Nine .32 caliber buckshot balls hissed through the air, spreading out in an invisible, roughly circular pattern which increased in size—and in one way grew less dangerous—with each passing yard. At close range, all nine balls would have found their mark in the Texan’s body. As the range increase
d, so the balls spread out and a lessening number reached their intended destination.
Fifty yards was no range at which to rely on a shotgun in a fight. Nor, if it came to a point, could it be termed an ideal distance to shoot a pistol over when one’s life stood as the stake.
In many ways the 1860 Army Colt could claim to be the finest percussion-fired revolver ever manufactured. Built from finest grade materials and by master craftsmen, its mechanism offered simplicity of operation, maintenance and repair. Its streamlined shape gave it smooth handling qualities and its .44 caliber packed the necessary punch to knock a man staggering with a single hit, taking much of the fight out of him. On only one major detail could it be faulted; and it must be admitted that the Army Colt had not been designed for the work its fault entailed. Lacking a top-strap over the cylinder, a formal rear sight could not be fitted and the V-shaped notch carved in the tip of the hammer lip made an indifferent substitute. Such an arrangement did not make for accurate long distance shooting.

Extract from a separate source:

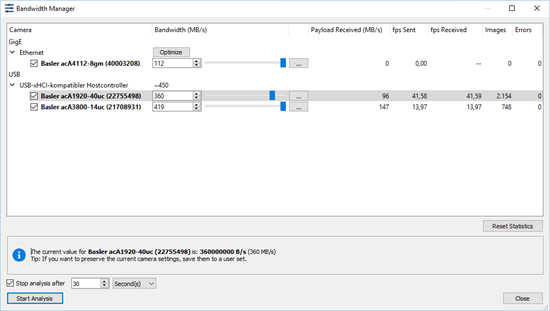 Bandwidth Manager Screenshot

However, long training had taught the Texan how to make the most of his gun. Dirt erupted close by where he landed, showing that at least one of the buckshot balls ended its flight harmlessly. Ignoring the sight, the Texan rested his elbows on the ground, supported his left wrist with the right hand and took fast, but careful, aim.

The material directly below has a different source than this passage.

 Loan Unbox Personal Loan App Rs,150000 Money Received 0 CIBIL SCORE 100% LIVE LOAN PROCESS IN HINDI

Through the dispersing powdersmoke, even as he drew back the second hammer on his weapon, Gruber saw flame spurt from the Texan’s Colt. Something struck under the barrels of the shotgun, jerking it up into the air with considerable force.

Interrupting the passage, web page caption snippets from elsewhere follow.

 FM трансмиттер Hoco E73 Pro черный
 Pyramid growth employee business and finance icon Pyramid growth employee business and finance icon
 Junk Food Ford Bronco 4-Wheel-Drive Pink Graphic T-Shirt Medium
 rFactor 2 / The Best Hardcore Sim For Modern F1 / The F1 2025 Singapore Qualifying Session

Skilled as he might be, the Texan had not shot deliberately to knock the gun from Gruber’s hands. At that range, with his life at stake, he could not dare try such fancy gun-work. His bullet had been aimed at Gruber’s body, which offered the largest and most easily accessible target. After flying fifty yards, the bullet might have missed completely, but luck guided it to strike the shotgun’s barrels.
Luck or not, Gruber knew just how narrow his escape had been. Somehow he did not relish a duel with a man capable of such devastating skill with a handgun. At any moment he expected the Texan to cut loose again, for he cocked his Colt on its recoil, and doubted if the other would miss a second time.